Discover more from Church Blogmatics
I like to imagine a group of moms meeting in the kingdom of heaven
Kind of like MOPS, but it’s called “the Consternation”
Why, “the Consternation?”
Because, Gentle reader,
The interwebs tell me that “consternation” is the right collective noun for naming a group of mothers, like a litter of puppies or a swarm of bees. Like a murder of crows, a glaring of cats, a loveliness of ladybugs,or a superfluity of nuns, a group of mothers is a consternation.
(Your regularly scheduled Monday post is here early, for Mother’s day. Look for your next letter from Church Blogmatics on Thursday, May 18. If you see a message that this post is too long for email, you should be able to click “view entire message” to view the whole thing.)
Church Blogmatics is a reader-supported publication. To receive new posts and support my work, consider becoming a free or paid subscriber.
The group is gathered in someone’s living room. The air smells of cinnamon and pears. The sofas are cozy, and the fireplace roars. A purring kitten wraps her fluffy self around your ankle when you walk into the room.
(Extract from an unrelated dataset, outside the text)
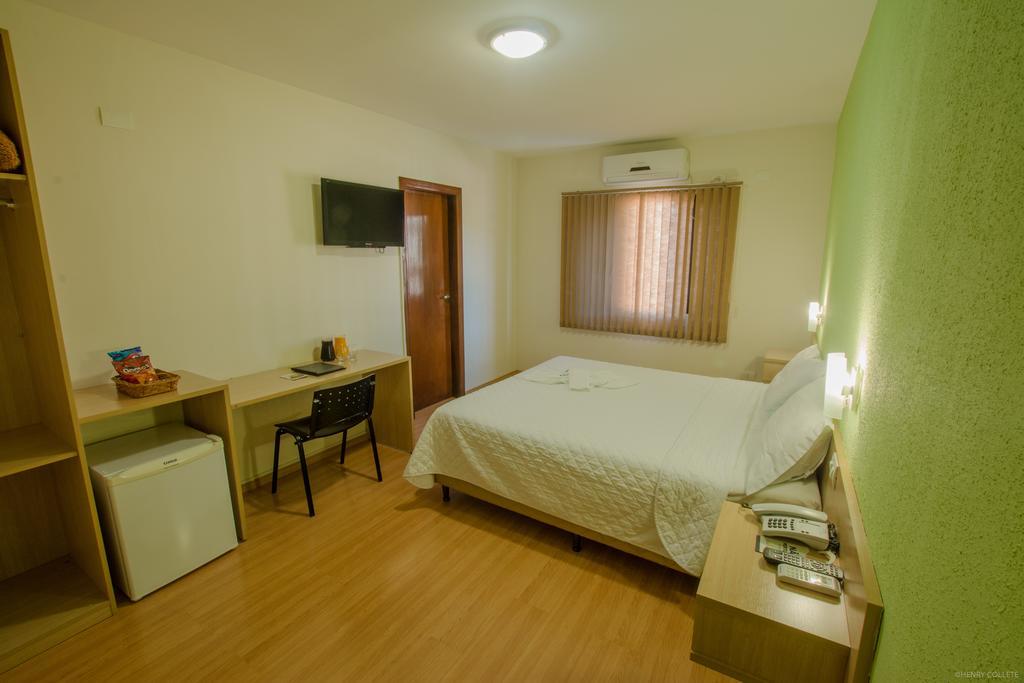 Hotel Dom Thomaz Jaguariaiva Bagian luar foto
St. Monica scoops up the kitten and welcomes you in with a kiss and a big hamper of North African goodies: olives and butter, chicken with apricots and a fish tagine, mint and candied lemon in layers of paper-thin pastry, and a very good glass of wine.
“It’s from Cana,” says Monica, with a wink. She wears jeans and a tunic, along with a watery crown of flowing waves, which dances in the firelight. She’s den mother for the group. Twin rivulets of crystal tears roll down her face, a shining fountain, an echo of those she cried for her Augustine during her life on earth. She prays the prayers she once prayed for Augie for all the parents who have ached for their children. The tears on her face are no longer of anguish. Now they’re of joy, because she feels how safe our babies are in God’s hands.
Blessed are the mothers who have wept, for God is comfort, body and soul.
Katie Luther is tending bar. She’s pulling pints—her own recipe—but she’ll make you a cocktail or pour you a Coke, if that’s what you prefer. She wears a cropped tank top that shows off her stretch marks from bringing six children into the world. They’re in the same linear pattern she wore on earth, but now they’re limned in gold. She wears a crown of bread, jeweled with coarse salt, and is always breaking off the pretzel shaped points, sharing them with the party.
Blessed are the mothers who have hungered, for God is the bread of life, body and for soul.
Consternation, from the Latin: noun. Gender: feminine
Women whose hands are scarred from forced labor and whose babies were ripped from their arms by slavers now wear robes of fur, their children planting kisses on their brows, great crowns of gold and rubies on their heads, glittering in time with their joy.
No more, the consternation of Harriet Jacobs, who wrote so piercingly of the laws facilitating the abduction of people once enslaved;
“Every where, in those humble homes, there was consternation and anguish. But what cared the legislators of the ‘dominant race’ for the blood they were crushing out of trampled hearts?”
No more. For the consternation of God returns children to their mothers and brings justice to slavers. The consternation of God is a whirlwind of justice and joy.
These mothers get no recompense, lest it dishonor the irreplaceability of every moment they were dispossessed, for sons and daughters are not fungible. Instead, they get recognition: full, clear-eyed truth telling, from which none can look away.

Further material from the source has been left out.